Marlow has to wait for ten days in the Company's Outer Station, where he sleeps in a hut. At this station, which strikes Marlow as a scene of devastation, he meets the Company's impeccably dressed chief accountant who tells him of a Mr. Kurtz, who is in charge of a very important trading-post, and a widely respected, first-class agent, a "'very remarkable person'" who "'Sends in as much ivory as all the others put together'" (Conrad 28). The agent predicts that Kurtz will go very far: "'He will be a somebody in the Administration before long. They, above—the Council in Europe, you know—mean him to be'" (Conrad 29).
Belgian river station on the Congo River, 1889

Marlow departs with a caravan of sixty men to travel on foot some two hundred miles into the wilderness to the Central Station, where the steamboat that he is to captain is based. On the fifteenth day of his march, he arrives at the station, which has some twenty employees, and is shocked to learn from a fellow European that his steamboat had been wrecked in a mysterious accident two days earlier. He meets the general manager, who informs him that he could wait no longer for Marlow to arrive, because the up-river stations had to be relieved, and rumours had one important station in jeopardy because its chief, the exceptional Mr. Kurtz, was ill. "Hang Kurtz", Marlow thinks, irritated (Conrad 34). He fishes his boat out of the river and is occupied with its repair for some months, during which a sudden fire destroys a grass shed full of materials used to trade with the natives. While one of the natives is tortured for allegedly causing the fire, Marlow is invited in the room of the station's brick-maker, a man who spent a year waiting for material to make bricks. Marlow gets the impression the man wants to pump him, and is curious to know what kind of information he is after. Hanging on the wall is "a small sketch in oils, on a panel, representing a woman draped and blindfolded carrying a lighted torch" (Conrad 39). Marlow is fascinated with the sinister effect of the torchlight upon the woman's face, and is informed that Mr. Kurtz made the painting in the station a year ago. The brick-maker calls Kurtz "'a prodigy'" and "'an emissary of pity, and science, and progress'", and feels Kurtz represents the "'higher intelligence, wide sympathies, a singleness of purpose'" needed for the cause Europe entrusts the Company with (Conrad 39). The man predicts Kurtz will rise in the hierarchy within two years and then makes the connection to Marlow: "'The same people who sent him specially also recommended you'" (Conrad 39–40).

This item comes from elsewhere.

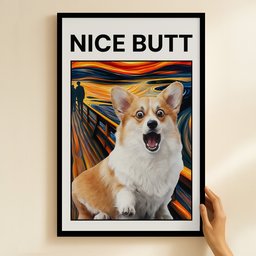 Nice Butt Custom Pet Photo Funny Scream Art - Personalized Poster – view 6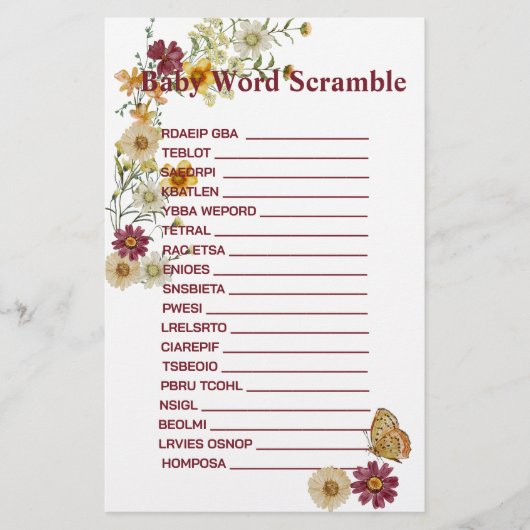 Rustieke Boho Wildflower Luier Raffle Kaart (Voorkant)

Marlow is frustrated by the months it takes to perform the necessary repairs, made all the slower by the lack of proper tools and replacement parts at the station. During this time, he learns that Kurtz is far from admired, but more or less resented (mostly by the manager).

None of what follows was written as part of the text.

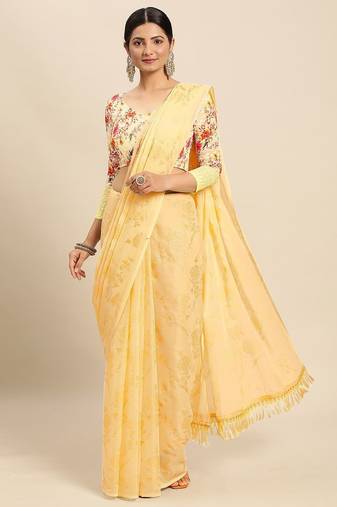 beige beige floral zari pure chiffon saree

Once underway, the journey up-river to Kurtz's station takes two months to the day. The steamboat stops briefly near an abandoned hut on the riverbank, where Marlow finds a pile of wood and a note indicating that the wood is for them and that they should proceed quickly but with caution as they near the Inner Station.
The Roi des Belges ("King of the Belgians"—French), the Belgian riverboat Conrad commanded on the upper Congo, 1889

The journey pauses for the night about eight miles below the Inner Station. In the morning the crew awakens to find that the boat is enveloped by a thick white fog. From the riverbank they hear a very loud cry, followed by a discordant clamour. A few hours later, as safe navigation becomes increasingly difficult, the steamboat is attacked with a barrage of small arrows from the forest. The helmsman is impaled by a spear and falls at Marlow's feet. Marlow sounds the steam whistle repeatedly, frightening the attackers and causing the shower of arrows to cease. Marlow and a pilgrim (Marlow's word for the European hangers-on in the steamer) watch the helmsman die. In a flash forward, Marlow notes that the International Society for the Suppression of Savage Customs had commissioned Kurtz to write a report, which he did eloquently. A handwritten postscript, apparently added later by Kurtz, reads "Exterminate all the brutes!" (Conrad 83).

At Kurtz's station Marlow sees a man on the riverbank waving his arm, urging them to land. The pilgrims, heavily armed, escort the manager on to the shore to retrieve Mr. Kurtz. The man from the bank boards the steamboat, and turns out to be a Russian wanderer who had happened to stray into Kurtz's camp. He explains that he had left the wood and the note at the abandoned hut. Through conversation Marlow discovers just how wanton Kurtz can be; how the natives worship him; and how very ill he has been of late. The Russian admires Kurtz for his intellect and his insights into love, life, and justice, and suggests that he is a poet. He tells of how Kurtz opened his mind, and seems to admire him even for his power—and for his willingness to use it. Marlow, on the other hand, suggests that Kurtz has gone mad.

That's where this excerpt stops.